Editorial: High water will come again; might something be done?Published 11:16am Thursday, June 26, 2014
Storms came. It rained 6 inches in five days. And Albert Lea was left with water in low places.
This happens just about every spring, and many of the same problems arise. Yet little to nothing is done. Let’s go over some of the issues:
First off, the Minnesota Department of Transportation needs to raise the roadbed of the portion of U.S. Highway 65 that is East Main Street near Godfather’s Pizza. It closes far too frequently for a trunk highway with a federal designation. In fact, the state ought to reimburse the city for the wear-and-tear expense of handling all the extra traffic on Bridge and Front streets.
With East Main Street closed and Wind Down Wednesday blocking some downtown routes, Fountain and Bridge streets were about as crowded as they have ever been.
We urge local leaders to push for MnDOT to resolve the flooding problem on its highway through our city.
The city has problems, too. It can’t be great publicity to have the headline “Sewer backs up into homes” in a local newspaper. It doesn’t really make new people and businesses feel all that confident about moving to Albert Lea. After all, many insurance policies do not cover sewer backups. But backups are what happens in Albert Lea as a result of high water.
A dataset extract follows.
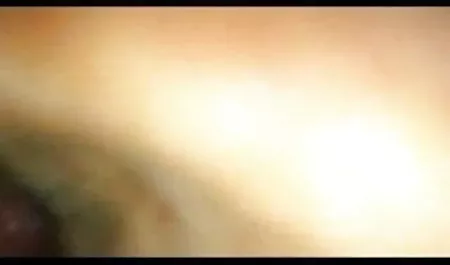 ठाठ लाल सेक्सी हिंदी फीचर फिल्म अधोवस्त्र में गोरा उसे बिल्ली सहलाता है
It’s about the worst mess to clean up, too, and the City Council was absolutely on target Monday night when it directed city staff to look into getting this problem fixed.
We feel sorry for the effected homeowners, and we hope the city makes it so that backed-up sewers are a rarity in Albert Lea.
Many cities on rivers wait for high water to come from other places. They have hydrological monitors that people can go online and read the current water levels, usually on the National Weather Service website or the Minnesota Pollution Control Agency website.
On the NWS site, Austinites can read four monitors. One on the Cedar River near Lansing. One on Turtle Creek at the 43rd Street NW bridge. One on Dobbins Creek at the Jay C. Hormel Nature Center, and one in the middle of the city near Lafayette Park.
Albert Lea is special in that it is built on headwaters for the Shell Rock River. Upstream floods won’t flow down river to devastate our city. However, there is no hydrological monitor for Albert Leans to follow. There should be. After all, Fountain Lake water levels are near many homes and businesses. It would be good for civic awareness to go online and see the water level of Fountain Lake.
Let’s hope dealing with high water becomes a priority in the coming years, particularly after the dredging of Fountain Lake is completed. It is folly to keep having the same states of emergency declared spring after spring after spring.